Computer engineering is a driving force behind innovation and technologies that are changing the world, pushing computing power and capabilities to the edge. Bridging hardware (e.g. microprocessors, tablets) and software, computer engineering has implications across many industries, ranging from technology to healthcare, green energy to aeronautics. The following guide serves as a high-level overview of the computer engineering profession, including insight into various career paths, emerging industries, employment opportunities, companies that are hiring computer engineers, skills and knowledge categories, as well as tips for preparing for computer engineering careers.

Computer engineering is an interdisciplinary field of study, one that combines electrical engineering and computer science disciplines into a specialized professional area of practice. Smaller; fastest; cheaper. Smarter; flexible; powerful. In short, computer engineers make computers and computing systems better.

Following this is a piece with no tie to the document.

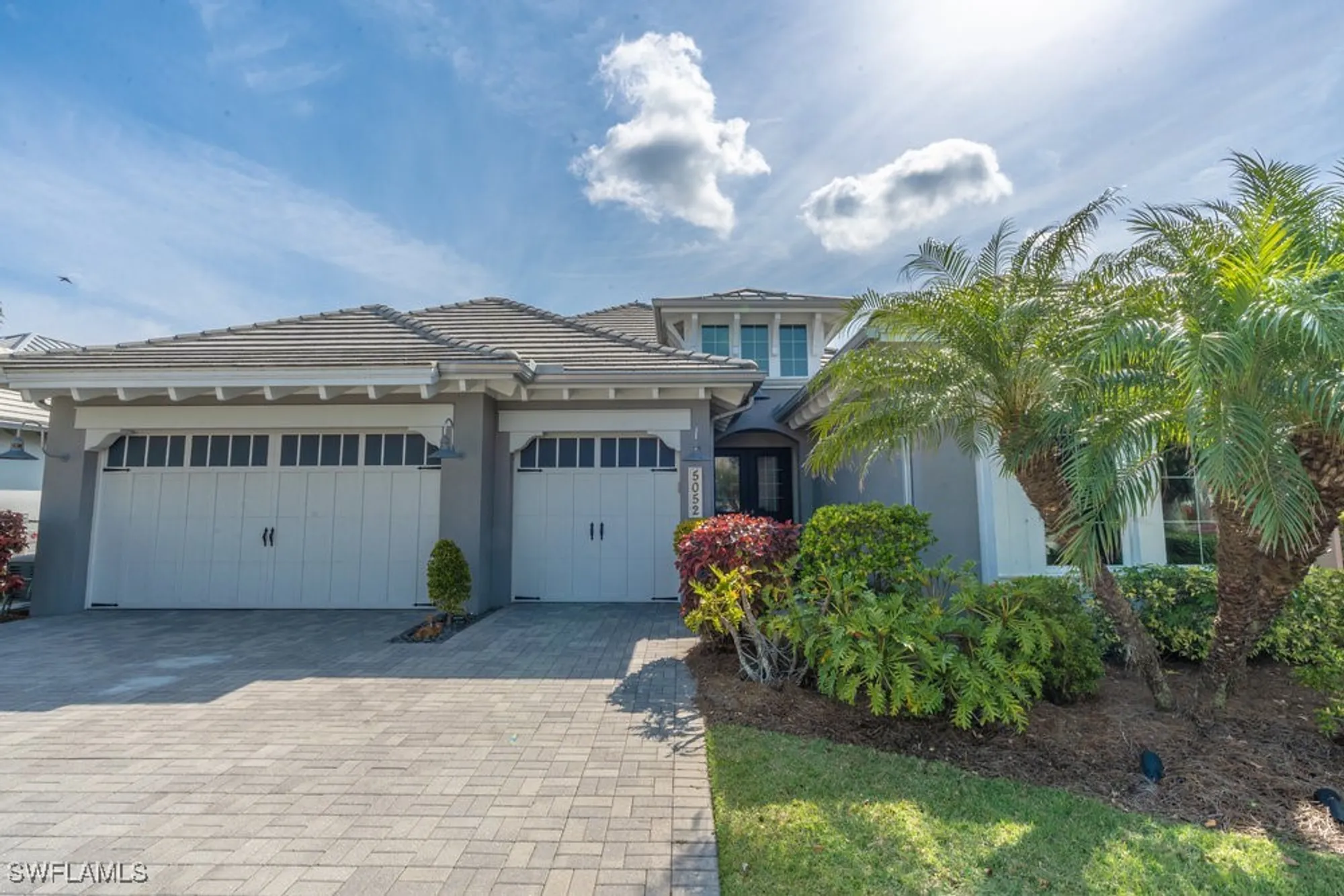 Property Slideshow image 1 of 42 | 5052 martinique dr, Naples, FL, 34113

Consider, for example, the history of the Intel processor. Introduced in 1971, the Intel 4004 processor had 2,300 transistors and produced clock speed of 108 KHz (108,000 cycles per second). Compare the performance of the 4004 microprocessor to Penryn, the microprocessor Intel introduced in 2007: with 820,000 transistors and a clock speed greater than 3 GHz, Penryn operates at approximately 3 billion cycles per second. That’s an improvement of 27,777% – in 36 years. This type of computing power and performance improvement has spearheaded the information revolution – driving transformative developments in computers, video, imaging, 3D content, power management, animation, home automation, auto manufacturing, mobile devices and phones, communication, and more.

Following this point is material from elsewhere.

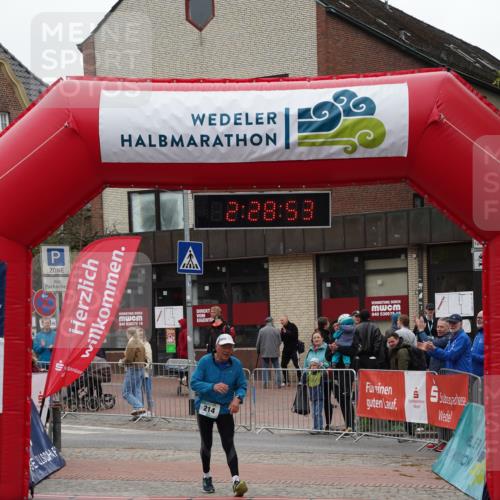 04.05.2025 - 8. Wedeler Halbmarathon Felixshl http://msf.ph/oto/7837776 04.05.2025 12:28:51 Ziel 214 meine-sportfotos.de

Broadly, computer engineers design hardware for computing systems, network and computer architecture, design software for applications, analyze and design microprocessors, build interface systems, and work with microcontrollers and circuit designs. In turn, computer engineering has wide applications, impacting areas such as cybersecurity, wireless networking, design automation, computer networks, mobile computing, robotics, embedded systems and machine intelligence. At the career level, computer engineering offers two central paths – hardware and software engineering – and multiple sub-specialty or areas of concentration, such as the following:

Artificial Intelligence	Designing computer systems that simulate human thinking, learning, and reasoning abilities.
Computer Architecture	Designing and developing new, more powerful computing systems.
Computer Design	Research, design, and development of electronic computer components, such as microchips, microprocessors, circuit boards, etc.
Operating Systems and Networks	Designing and developing software and network systems.
Robotics	Designing and developing robotic systems used in a variety of industries (e.g. industrial production).
Software Applications	Designing and developing computer software to research and solve problems outside of the computer engineering field (e.g. medicine).